What to produce -> What you return should be the exact lines from the one with "Graves Mt., Lincoln" to the end of the records below, both included, and no pictures.

........

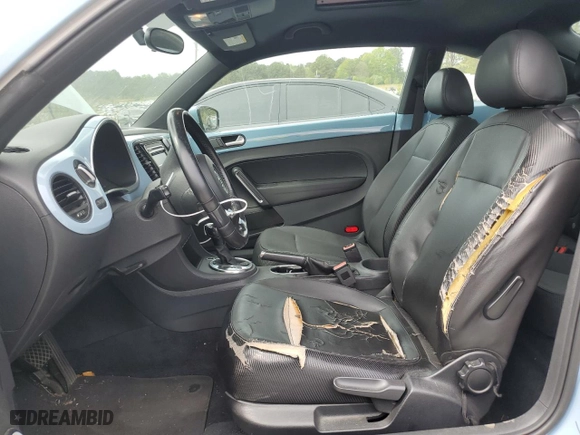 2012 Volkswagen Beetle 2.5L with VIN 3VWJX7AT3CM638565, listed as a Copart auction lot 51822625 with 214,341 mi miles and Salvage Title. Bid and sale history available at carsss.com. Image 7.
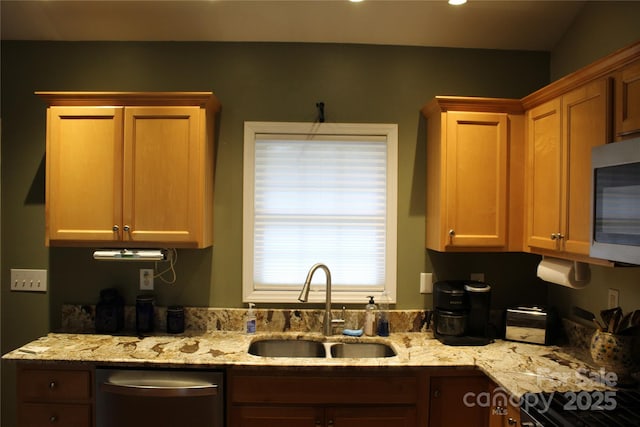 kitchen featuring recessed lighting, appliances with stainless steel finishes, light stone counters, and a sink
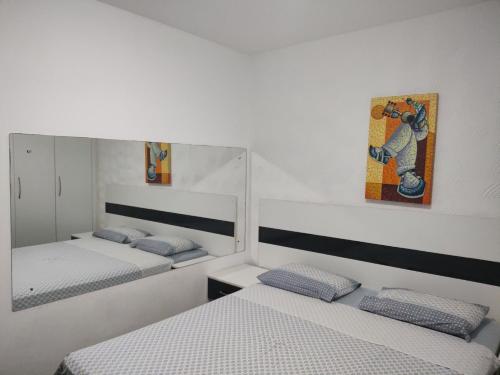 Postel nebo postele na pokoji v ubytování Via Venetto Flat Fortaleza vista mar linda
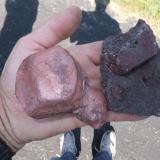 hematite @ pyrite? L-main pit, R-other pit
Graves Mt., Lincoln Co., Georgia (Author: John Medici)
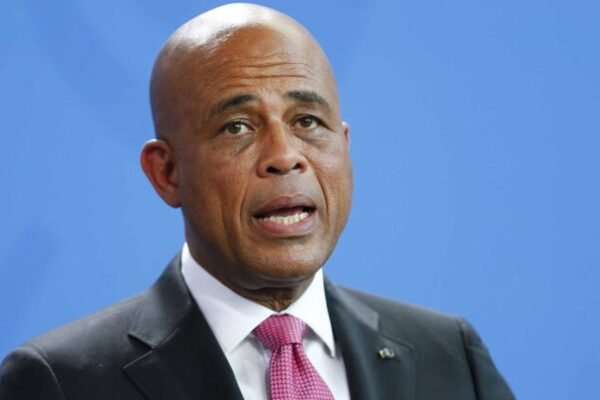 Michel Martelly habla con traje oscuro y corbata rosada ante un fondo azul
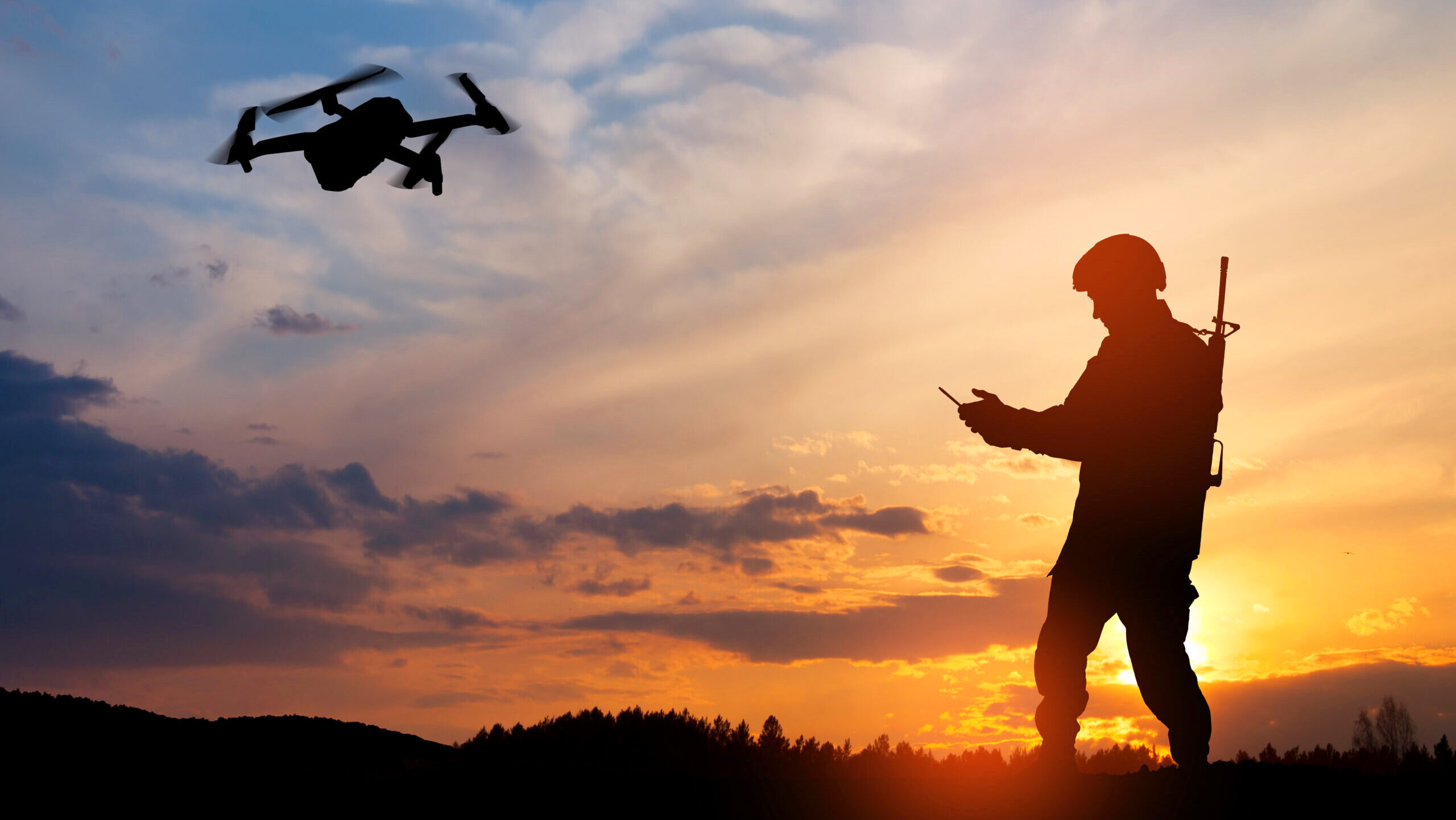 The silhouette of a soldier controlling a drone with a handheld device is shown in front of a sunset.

........

Exercise solution ->
Graves Mt., Lincoln Co., Georgia (Author: John Medici)
 Michel Martelly habla con traje oscuro y corbata rosada ante un fondo azul
 The silhouette of a soldier controlling a drone with a handheld device is shown in front of a sunset.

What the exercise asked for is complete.